** INFORMATION PROVIDED follows **

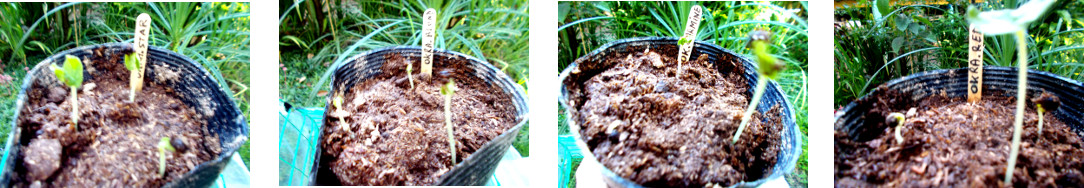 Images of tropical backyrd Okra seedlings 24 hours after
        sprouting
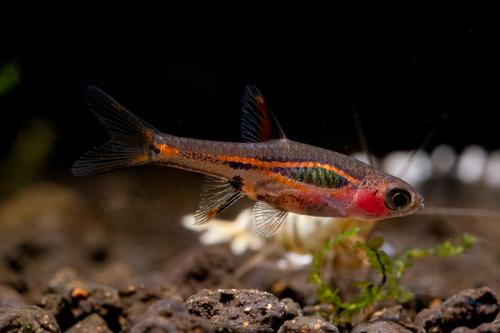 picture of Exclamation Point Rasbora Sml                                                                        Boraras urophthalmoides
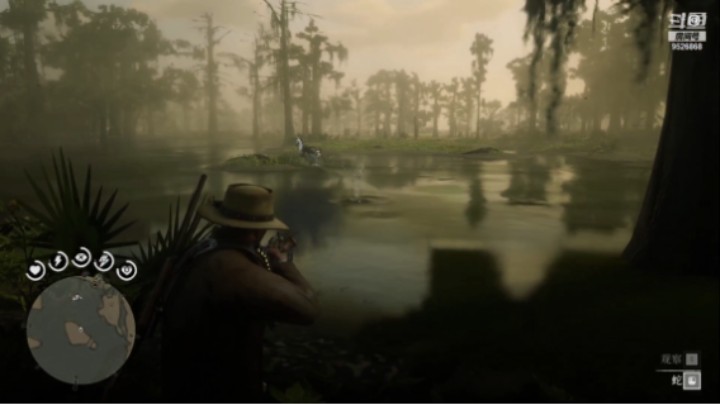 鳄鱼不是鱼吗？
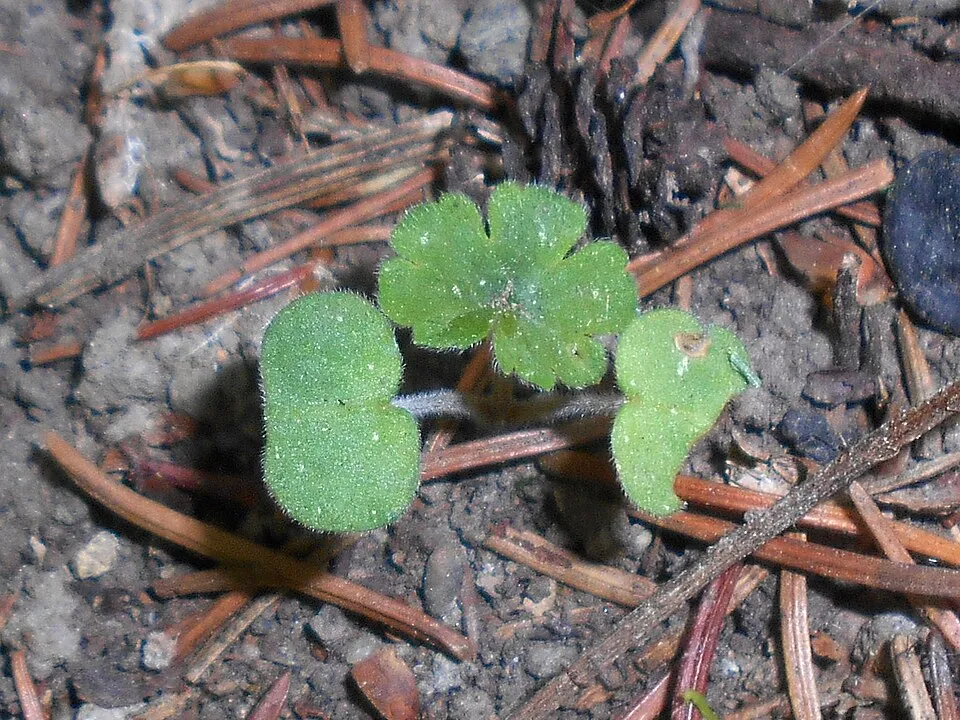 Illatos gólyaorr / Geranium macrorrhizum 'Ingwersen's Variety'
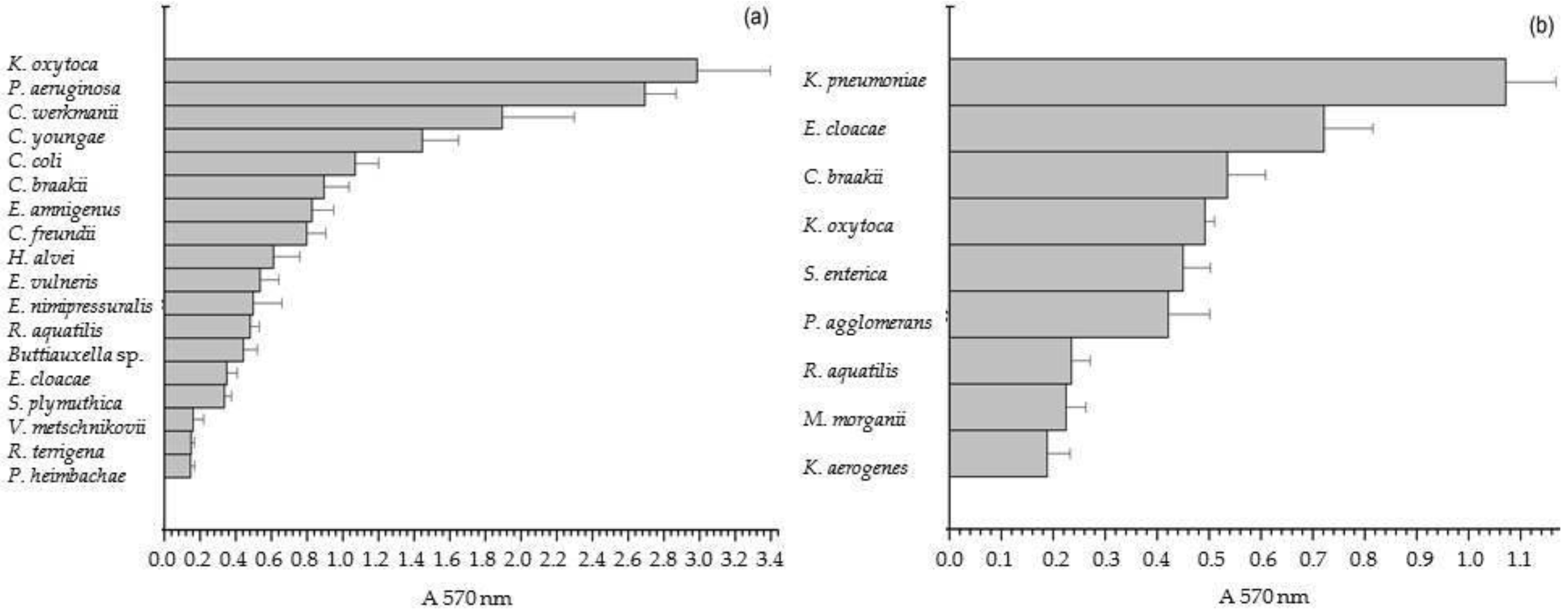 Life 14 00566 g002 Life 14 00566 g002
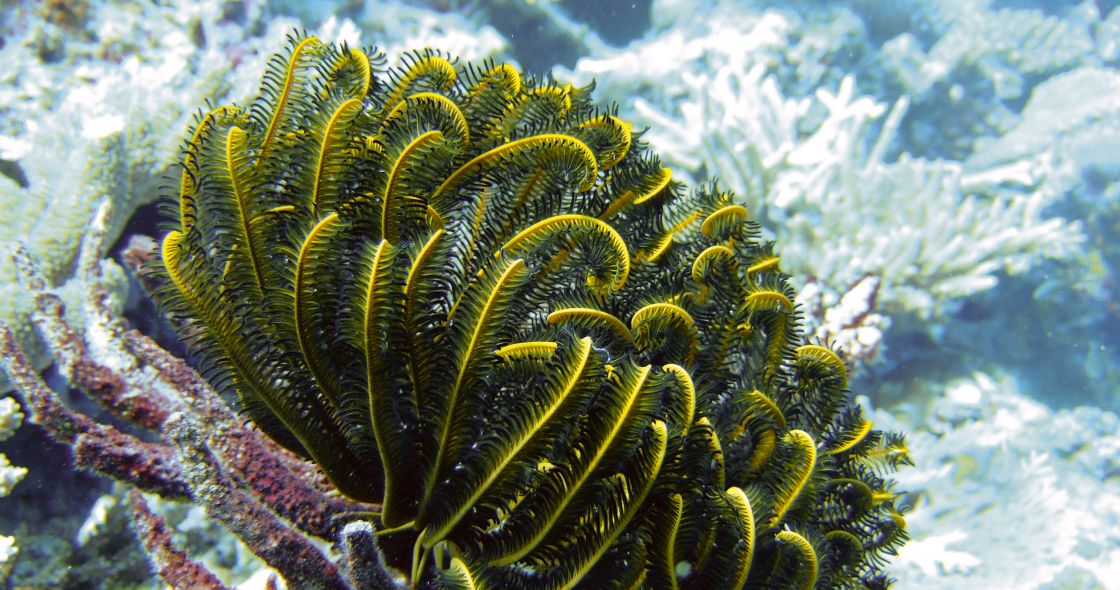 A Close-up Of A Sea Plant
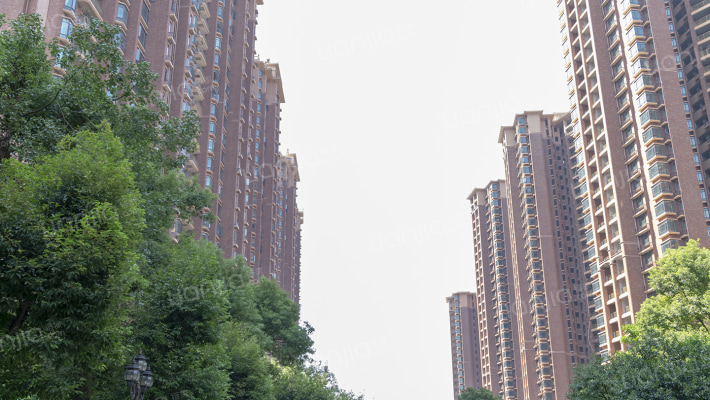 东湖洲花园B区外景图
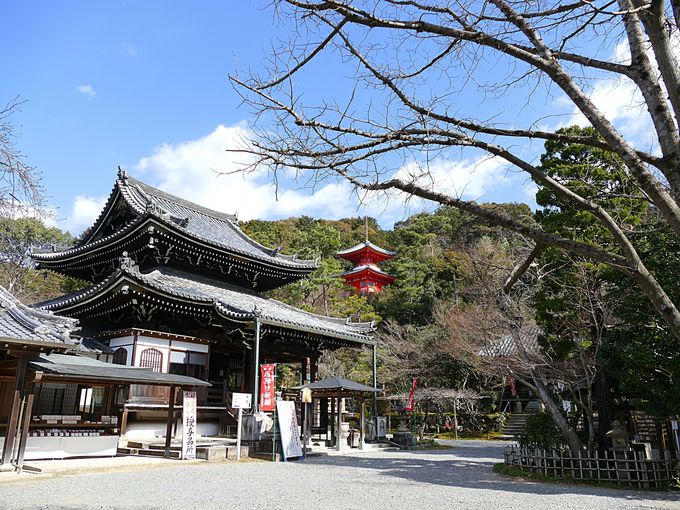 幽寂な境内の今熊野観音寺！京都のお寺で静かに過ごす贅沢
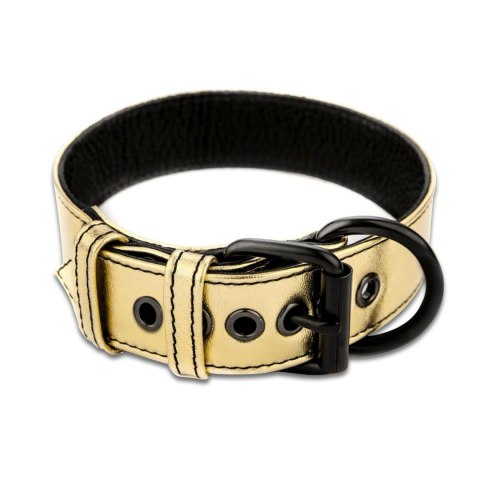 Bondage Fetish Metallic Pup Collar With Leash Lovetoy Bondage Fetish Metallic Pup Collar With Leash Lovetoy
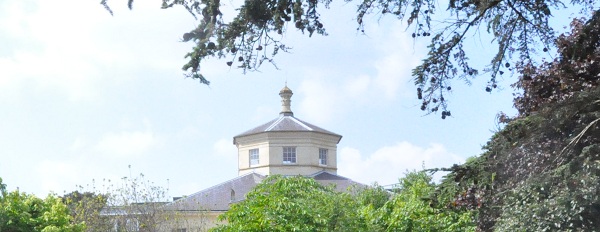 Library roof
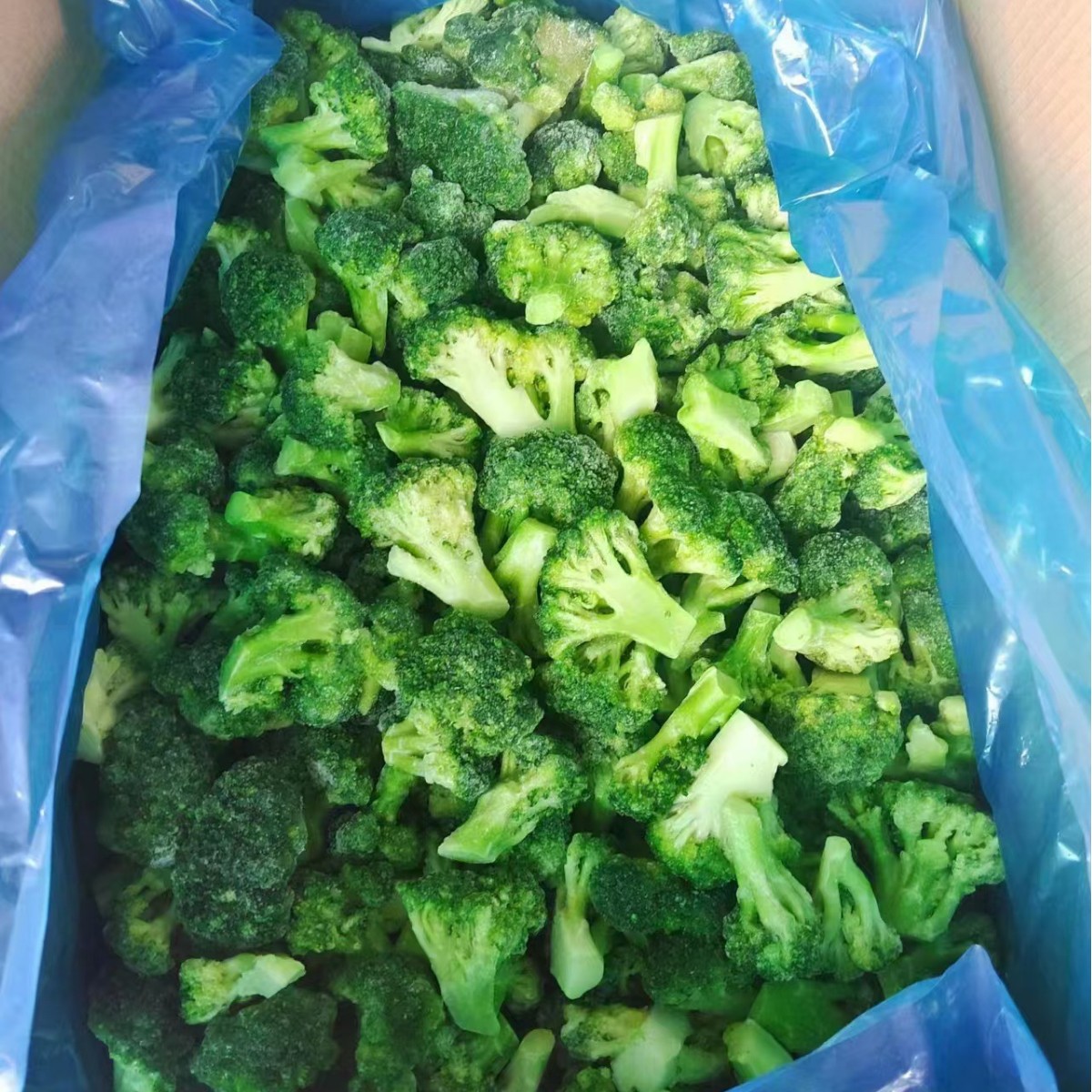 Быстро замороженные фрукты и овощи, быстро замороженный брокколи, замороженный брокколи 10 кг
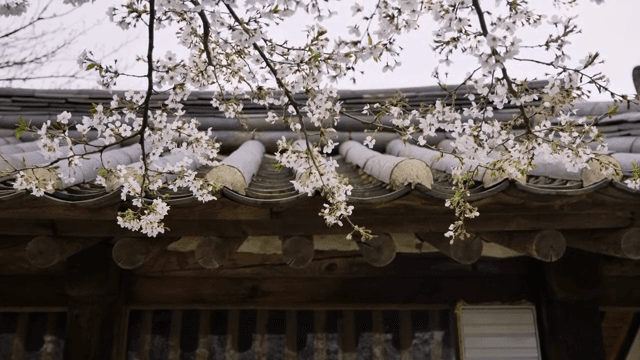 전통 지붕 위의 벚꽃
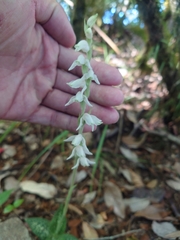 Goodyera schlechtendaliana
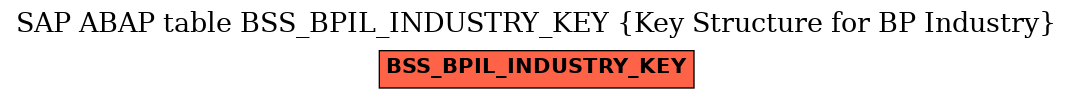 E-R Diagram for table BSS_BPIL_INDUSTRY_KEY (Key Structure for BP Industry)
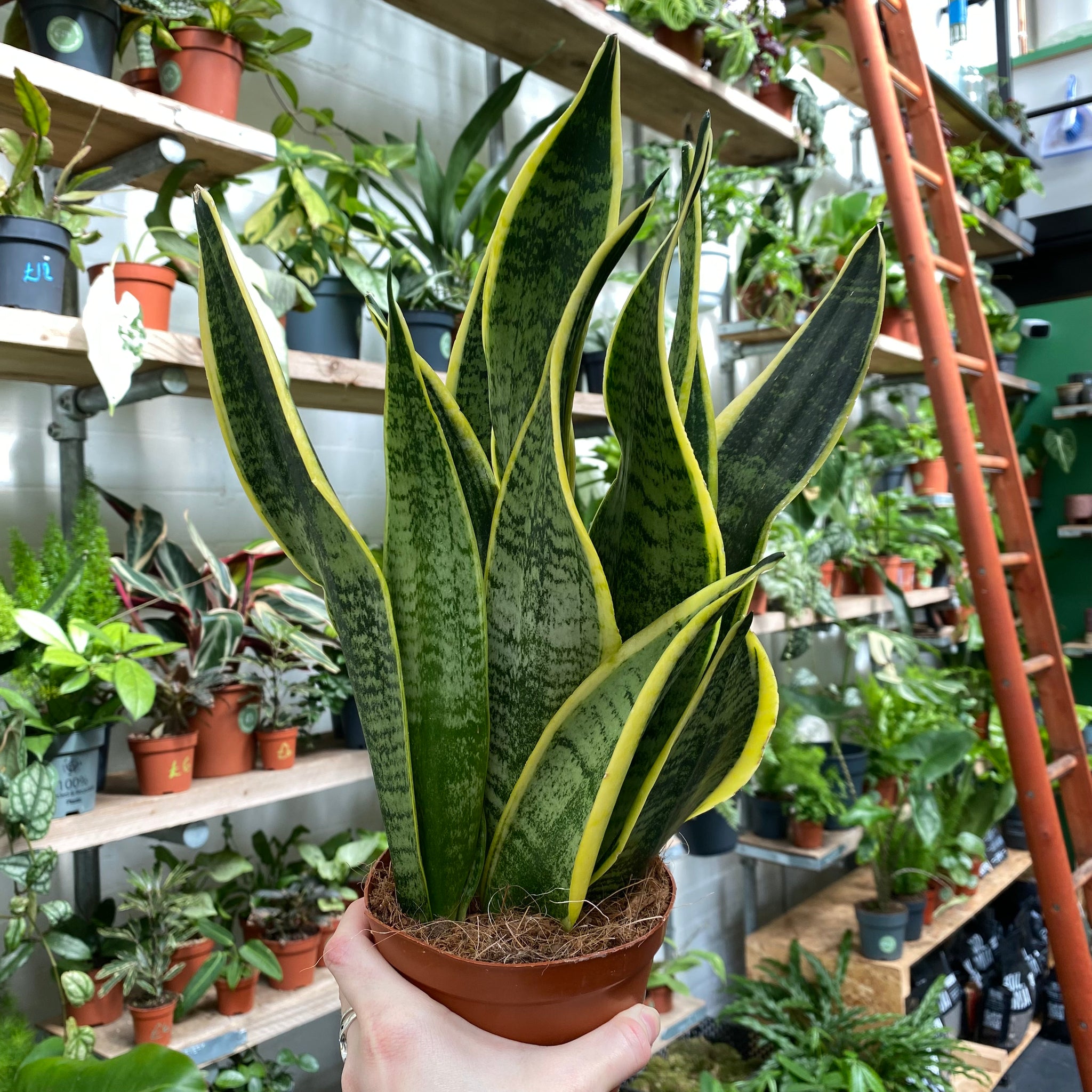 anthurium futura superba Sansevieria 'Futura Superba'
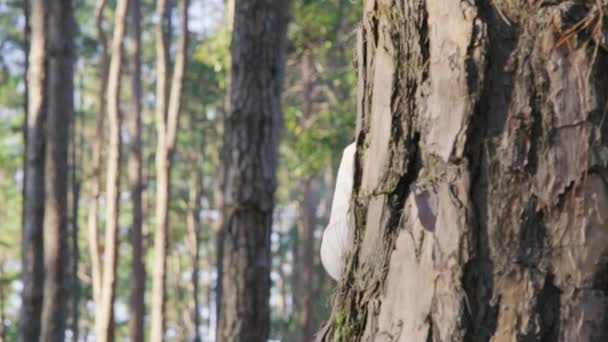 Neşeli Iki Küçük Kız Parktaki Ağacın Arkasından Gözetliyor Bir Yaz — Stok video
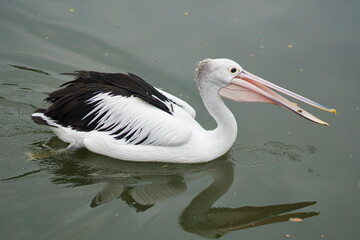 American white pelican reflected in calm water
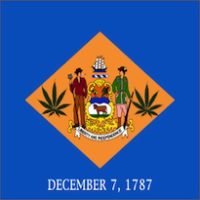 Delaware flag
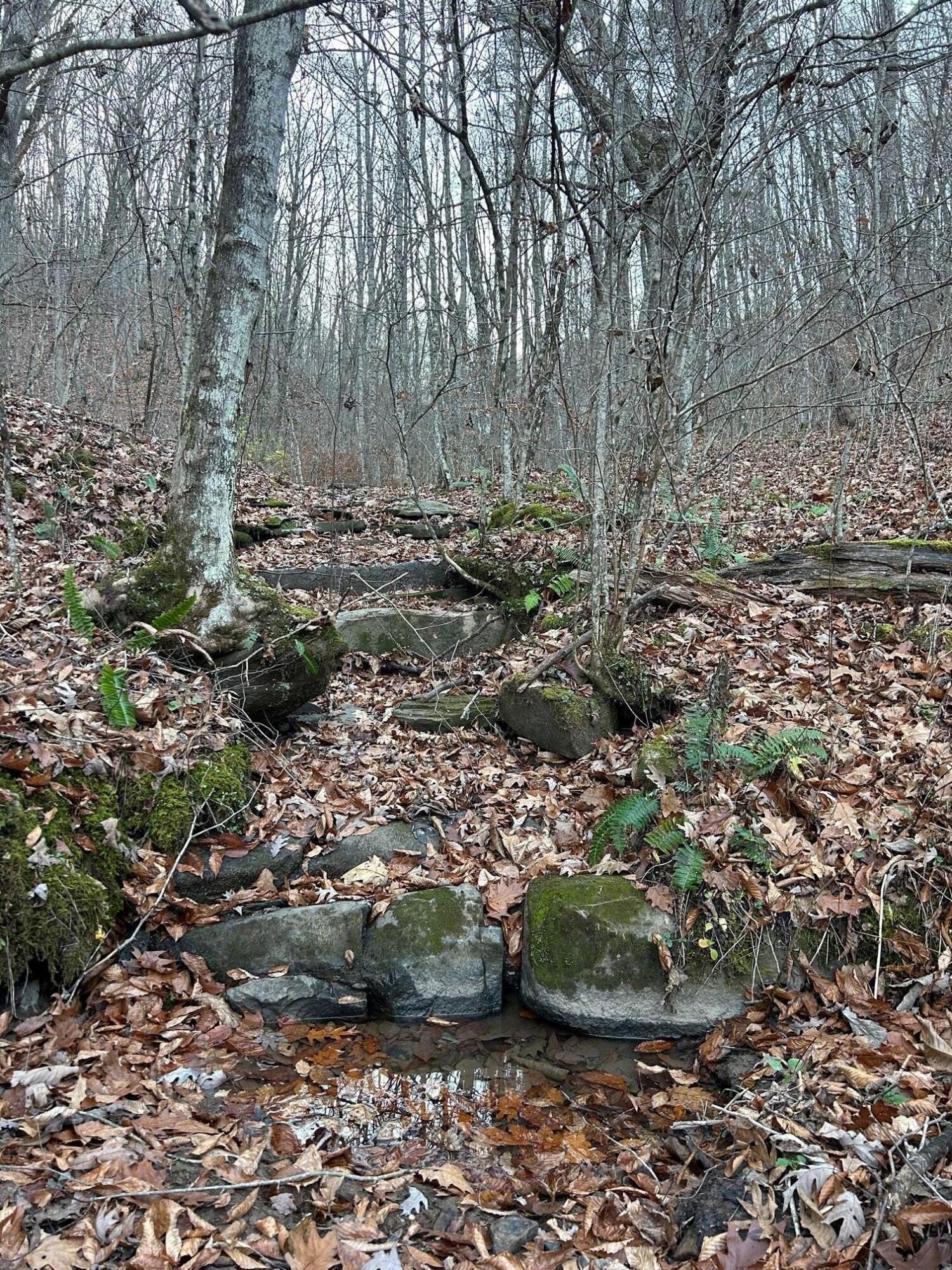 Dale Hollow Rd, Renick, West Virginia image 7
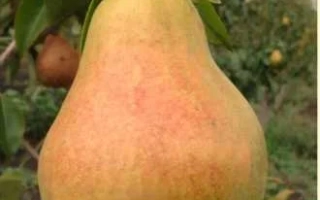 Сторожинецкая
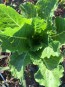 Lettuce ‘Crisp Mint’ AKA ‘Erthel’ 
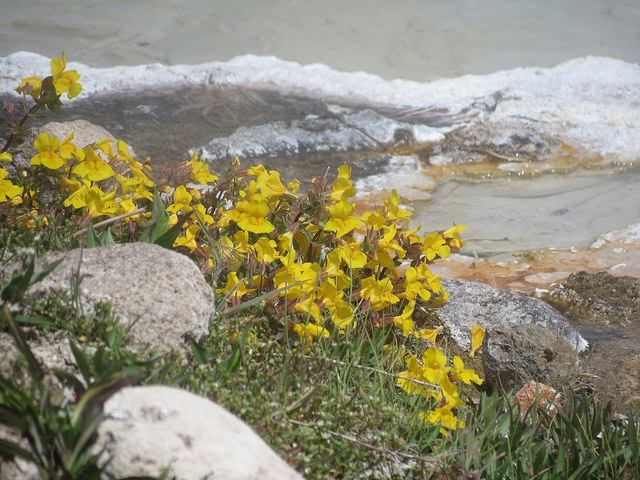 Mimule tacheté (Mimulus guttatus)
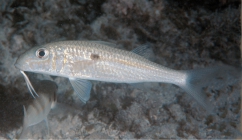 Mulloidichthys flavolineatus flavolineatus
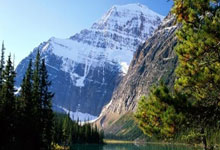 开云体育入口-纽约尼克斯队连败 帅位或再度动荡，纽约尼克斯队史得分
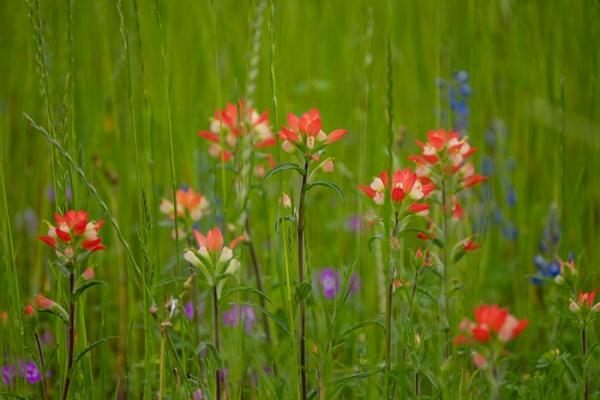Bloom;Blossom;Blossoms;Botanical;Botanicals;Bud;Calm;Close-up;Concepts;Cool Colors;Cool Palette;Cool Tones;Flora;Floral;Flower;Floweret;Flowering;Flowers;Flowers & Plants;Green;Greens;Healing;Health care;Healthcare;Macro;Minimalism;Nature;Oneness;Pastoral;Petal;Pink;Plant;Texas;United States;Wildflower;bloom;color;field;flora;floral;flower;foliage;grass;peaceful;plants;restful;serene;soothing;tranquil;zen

** End of INFORMATION PROVIDED **

§ EXERCISE PROMPT
Nothing but an exact copy is needed, covering the lines from the line with "Сторожинецкая" through the last line of the entries, pictures excluded.

§ OUTPUT OF THE EXERCISE
 Сторожинецкая
 Lettuce ‘Crisp Mint’ AKA ‘Erthel’ 
 Mimule tacheté (Mimulus guttatus)
 Mulloidichthys flavolineatus flavolineatus
 开云体育入口-纽约尼克斯队连败 帅位或再度动荡，纽约尼克斯队史得分
Bloom;Blossom;Blossoms;Botanical;Botanicals;Bud;Calm;Close-up;Concepts;Cool Colors;Cool Palette;Cool Tones;Flora;Floral;Flower;Floweret;Flowering;Flowers;Flowers & Plants;Green;Greens;Healing;Health care;Healthcare;Macro;Minimalism;Nature;Oneness;Pastoral;Petal;Pink;Plant;Texas;United States;Wildflower;bloom;color;field;flora;floral;flower;foliage;grass;peaceful;plants;restful;serene;soothing;tranquil;zen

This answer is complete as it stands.